Long-term renal morphology and function following enterocystoplasty (refluxing or anti-reflux anastomosis): an experimental study.


OBJECTIVE To study the morphology and function of the upper urinary tract over the long-term in dogs with an enterocystoplasty and a refluxing or anti-refluxing uretero-intestinal anastomosis. MATERIALS AND METHODS Subtotal cystectomy and "cup" ileocystoplasty were performed in 13 dogs. The right ureter was implanted into the cystoplasty with a refluxing technique in seven and with an anti-reflux procedure in six dogs.
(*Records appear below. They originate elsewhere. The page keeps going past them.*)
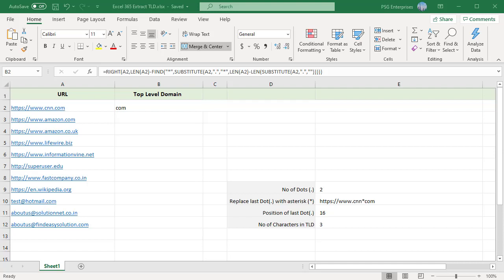In any URL or email address, the part after the last dot of the given URL or email address is called top-level domain.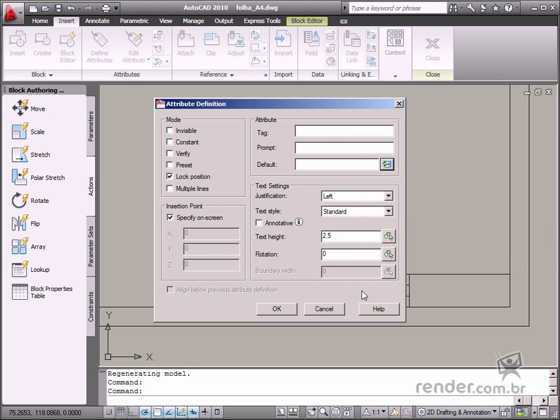So, in this class, you've learned about the options for properly defining an attribute. In the next class, you'll learn about defining and inserting attributes in a block on an A4 page.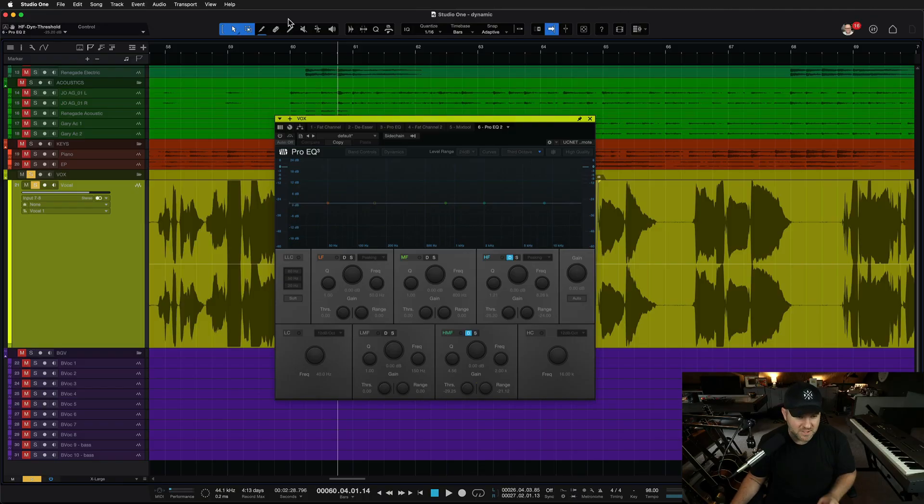This video is for you if you've never used Dynamic EQ before. We added Dynamic EQ to our stock Pro EQ plugin a while back, and if you've never used it, you may be a little intimidated by it. It's really simple. I'm going to show you two easy ways you can use it and add it to your workflow, specifically related to mixing vocals. So let's jump in.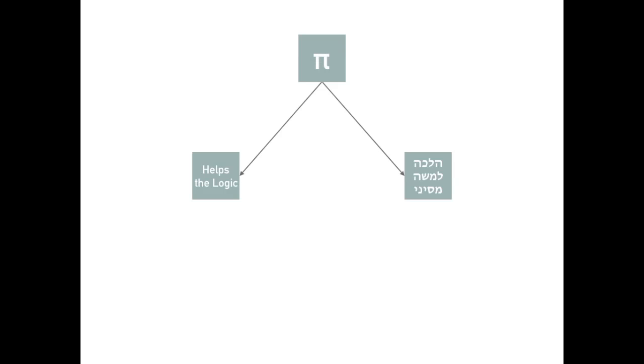Rabbi Bloom also suggested that Rashi is doing the same with his comments. Not that we actually add the sides to get the hypotenuse, but that we pretend we can just to make things easier to understand. He proved this from a comment by the Beis Yosef, that Rashi is a commentator, not a posseq.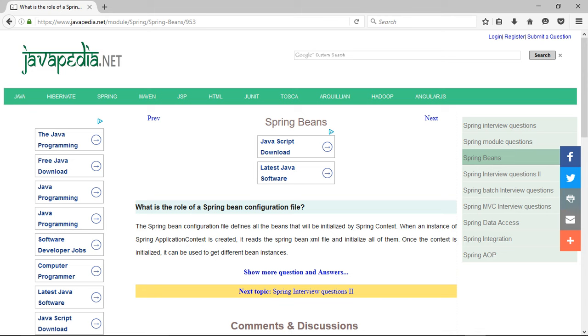When an instance of Spring Application Context is created, it reads the Spring Bean XML file and initializes all of them. Once the context is initialized, it can be used to get different bean instances.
The left renal unit acted as an intact control in 11 dogs, while in two the intramural part of the left ureter was incised to produce reflux. Thus, of the 26 renal units, nine had a refluxing junction (anastomosis), six were anti-refluxing and 11 served as intact controls. Total and separate glomerular filtration rates (GFRs) were measured preoperatively and regularly thereafter, and cystometry, urography and ascending enterocystography were performed. At necropsy, urine was obtained for culture from the cystoplasty and renal pelves, and both kidneys were examined histologically. RESULTS The cystometric pressure was low in 12 of the 13 dogs: urography showed no obstruction. The fall in separate GFR did not differ significantly among the groups (with and without reflux protection, and control units). Reflux was detected in three of nine renal units with refluxing anastomosis and in three of 11 control units. Bacteriuria was found in the cystoplasty in all dogs; the incidence in the upper urinary tract was seven of eight renal units with a refluxing anastomosis, one in five of those with an anti-refluxing anastomosis and three of nine control units. Pyelonephritis was found in none of the control kidneys, in six of nine kidneys with a refluxing and in two of six with an anti-refluxing anastomosis: it was less severe in the latter. CONCLUSION Refluxing ureteric implantation in a low-pressure enterocystoplasty was commonly associated with bacteriuria in the upper urinary tract and with pyelonephritis. Thus, anti-reflux implantation was beneficial for renal preservation in this setting.